Rota até o litoral paulista também oferece transporte por hidrovia, mas percurso por estradas ainda é maior e motoristas driblam crateras
POR ROGER MARZOCHI - FOTOS: FERNANDO MARTINHO, DE CUIABÁ (MT) A SANTOS (SP)"Lá é muito feio.” Era assim que Adelino Bissoni preparava o espírito da esposa quando decidiram, na década de 1980, deixar Brusque, em Santa Catarina, para morar em Rondonópolis, em Mato Grosso. O então jovem recém-formado em administração de empresas já havia feito incursões pela região, quando as lavouras começavam a despontar no Estado. Mas, em 1985, a família decidiu viver naquelas paragens definitivamente. “Era a nova fronteira agrícola. Mas era só pó e lama”, diz. “Eu queria ficar dez anos, fazer um pé de meia e voltar.”
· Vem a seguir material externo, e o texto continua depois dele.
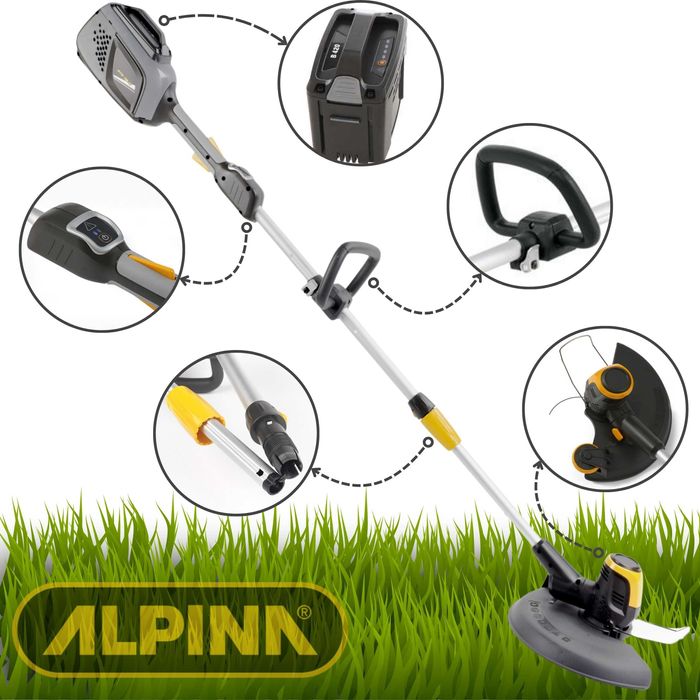 Podkaszarka Akumulatorowa Kosa ALPINA ATR48 Li Wykaszarka Ładowarka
Em parceria com outros cinco irmãos, ficou e criou o que hoje é o Grupo Botuverá, que faturou, no ano passado, R$ 340 milhões, um resultado 13% maior que o realizado em 2016. O nome da empresa é uma homenagem da família à cidade catarinense de mesmo nome, para onde o bisavô de Adelino imigrou da Itália, em 1878.
A empresa começou com 15 caminhões, que partiram do sul rumo a Rondonópolis. Hoje, a frota soma 180 veículos. O grupo também tem lavouras de soja, milho e criação de gado, responsáveis por 29,4% do faturamento da companhia.
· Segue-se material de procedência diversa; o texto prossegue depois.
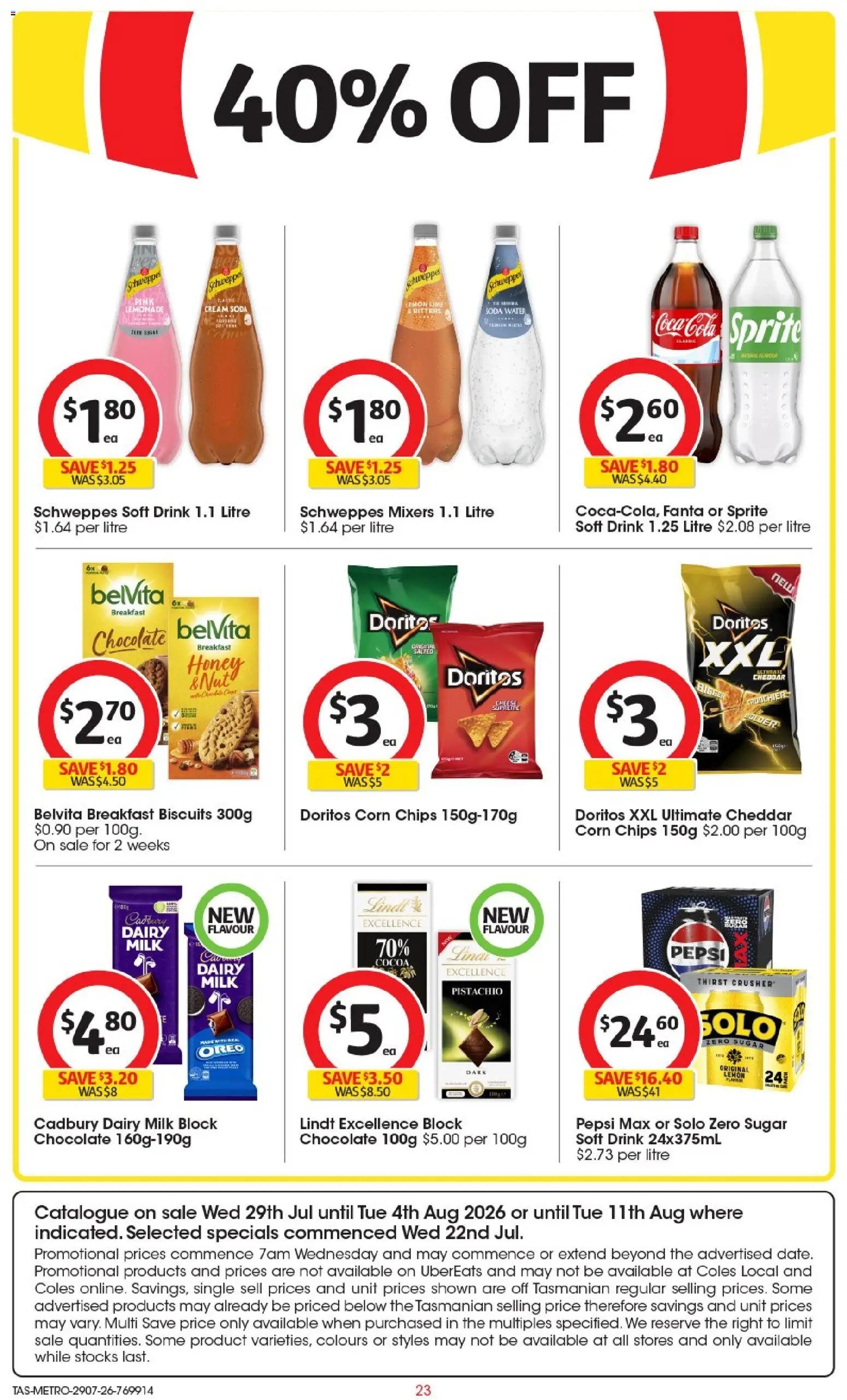 Coles catalogue from 29/07/2026 Coles catalogue TAS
Adelino é o personagem emblemático da segunda fase do Caminhos da Safra, que percorreu 1.921 quilômetros entre o médio-norte de Mato Grosso e o Porto de Santos. O percurso foi feito pela primeira vez em 2012 e, nesses últimos seis anos, é inegável perceber os avanços nos modais de transporte da safra do Estado, maior produtor nacional de grãos. Há, no entanto, muito o que evoluir. “Podemos colher 120 milhões de toneladas de grãos, mas a infraestrutura precisa melhorar”, aposta Adelino, que continua transportando carga para o Porto de Santos, mas restrito a algodão e muito pouco de soja.
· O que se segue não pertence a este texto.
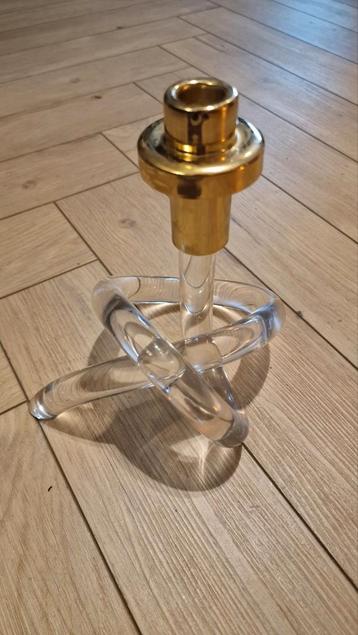 Vintage Dorothy Thorpe Pretzel Kandelaar - Messing beschikbaar voor biedingen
No ano passado, o Estado colheu o recorde de 61,6 milhões de toneladas de grãos: 31,2 milhões de toneladas de soja e 30,4 milhões de toneladas de milho. Quando Adelino chegou a Rondonópolis, Mato Grosso produzia apenas 1 milhão de toneladas. As exportações de soja e milho somam 36 milhões de toneladas. O principal destino do escoamento ainda é o litoral paulista, que, no ano passado, foi responsável por 46,7% dos embarques de soja e 52,7% dos de milho mato-grossense. “Houve época em que a gente só exportava por rodovia”, lembra Daniel Latorraca Ferreira, superintendente do Instituto Matogrossense de Economia Agropecuária (Imea). “Agora, a ferrovia subiu até Rondonópolis e nos deu grande ganho de competitividade.”
Sem dúvida, o terminal de Rondonópolis foi o principal avanço para a região. Em 2012, estavam em operação os terminais ferroviários de Alto Taquari (hoje desativado) e Alto Araguaia.
No fim de 2013, a concessionária de ferrovias avançou até Rondonópolis, num terminal de 14 milhões de metros quadrados, a 20 quilômetros da cidade, pela BR-163. “E nossa intenção é subir ainda mais, aproximando-se das áreas produtoras”, explica Douglas Cunha, gerente da Rumo Logística em Rondonópolis, empresa que assumiu a malha ferroviária, em 2015.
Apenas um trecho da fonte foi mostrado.